**Study material**
= Beginning of Section =
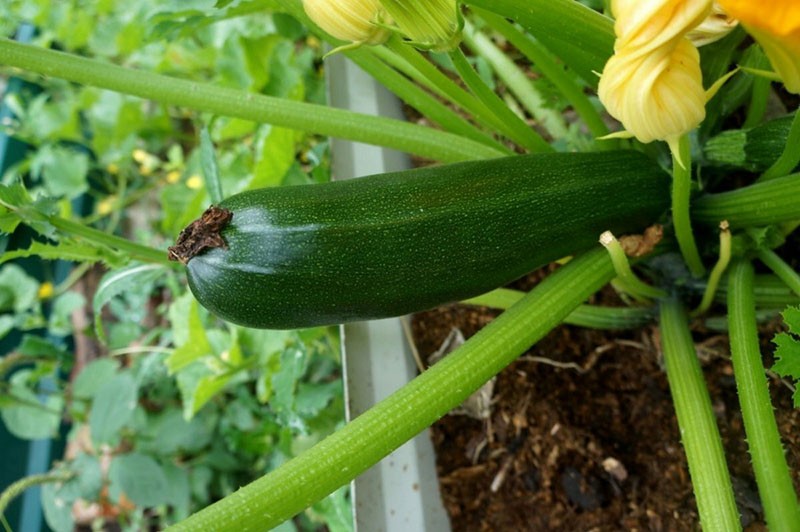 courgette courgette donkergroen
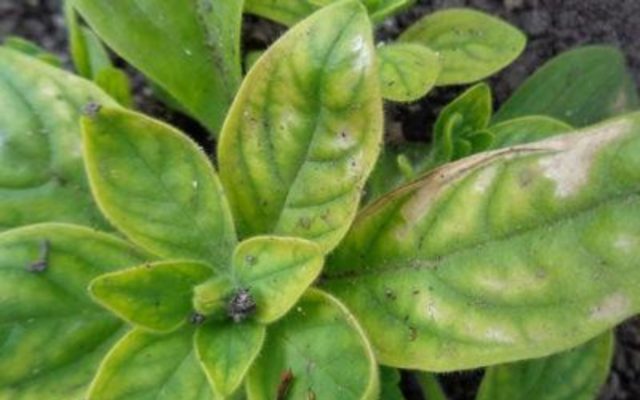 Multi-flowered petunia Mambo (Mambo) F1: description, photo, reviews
= End of Section =
= Beginning of Section =
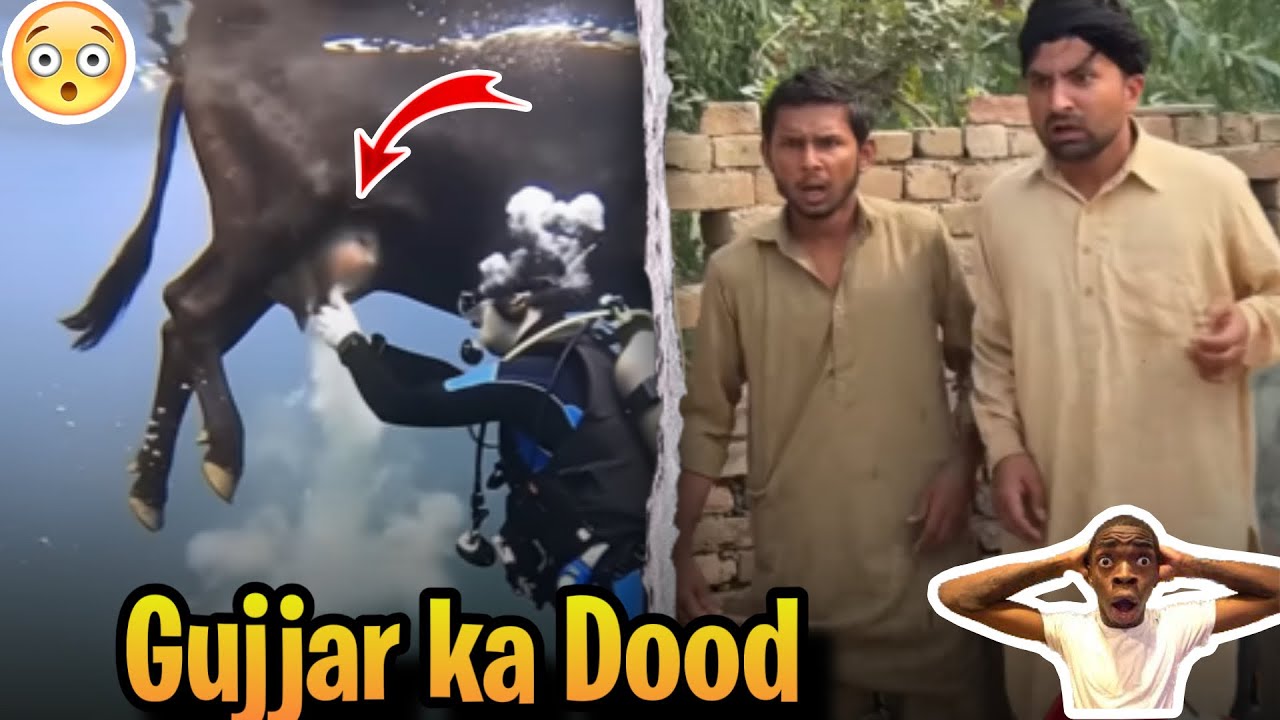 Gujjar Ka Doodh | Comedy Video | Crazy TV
= End of Section =
**What to work on**
Given the entries above, transcribe exactly the lines from the one holding "courgette courgette donkergroen" through the one holding "Multi-flowered petunia Mambo"; pictures do not belong in the transcription.

**Task response**
 courgette courgette donkergroen
 Multi-flowered petunia Mambo (Mambo) F1: description, photo, reviews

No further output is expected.